** Activity **
Using the data below, return the stretch from the line that contains "Rustic Wall Mounted" through the line that contains "Non-perishable food items", both included, exactly as it stands and nothing beyond it.

** Records supplied **
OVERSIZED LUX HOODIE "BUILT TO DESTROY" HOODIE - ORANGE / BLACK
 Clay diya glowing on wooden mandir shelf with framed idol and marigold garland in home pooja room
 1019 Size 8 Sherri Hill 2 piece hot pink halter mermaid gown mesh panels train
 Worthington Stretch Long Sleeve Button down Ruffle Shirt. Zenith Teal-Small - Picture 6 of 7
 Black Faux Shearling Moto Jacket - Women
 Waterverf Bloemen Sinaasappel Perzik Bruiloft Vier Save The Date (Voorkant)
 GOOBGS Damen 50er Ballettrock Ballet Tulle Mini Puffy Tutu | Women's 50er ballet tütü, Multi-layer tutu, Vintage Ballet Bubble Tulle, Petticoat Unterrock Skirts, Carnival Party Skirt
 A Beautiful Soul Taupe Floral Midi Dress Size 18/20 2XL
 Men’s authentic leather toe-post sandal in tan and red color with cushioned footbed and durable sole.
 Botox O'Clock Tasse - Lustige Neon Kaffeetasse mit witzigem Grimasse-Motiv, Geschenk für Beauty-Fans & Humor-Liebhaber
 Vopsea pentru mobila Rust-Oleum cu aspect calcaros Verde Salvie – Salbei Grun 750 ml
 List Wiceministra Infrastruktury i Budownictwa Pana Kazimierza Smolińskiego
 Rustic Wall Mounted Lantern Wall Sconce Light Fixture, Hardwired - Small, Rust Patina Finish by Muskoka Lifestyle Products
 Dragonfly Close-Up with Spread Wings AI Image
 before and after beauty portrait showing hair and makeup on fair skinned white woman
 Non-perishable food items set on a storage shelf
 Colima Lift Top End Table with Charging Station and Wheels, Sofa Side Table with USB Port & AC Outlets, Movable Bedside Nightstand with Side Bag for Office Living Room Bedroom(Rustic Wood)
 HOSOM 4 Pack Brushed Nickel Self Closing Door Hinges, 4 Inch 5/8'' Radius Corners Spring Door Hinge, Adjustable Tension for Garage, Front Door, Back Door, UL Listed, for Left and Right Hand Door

** Task answer **
 Rustic Wall Mounted Lantern Wall Sconce Light Fixture, Hardwired - Small, Rust Patina Finish by Muskoka Lifestyle Products
 Dragonfly Close-Up with Spread Wings AI Image
 before and after beauty portrait showing hair and makeup on fair skinned white woman
 Non-perishable food items set on a storage shelf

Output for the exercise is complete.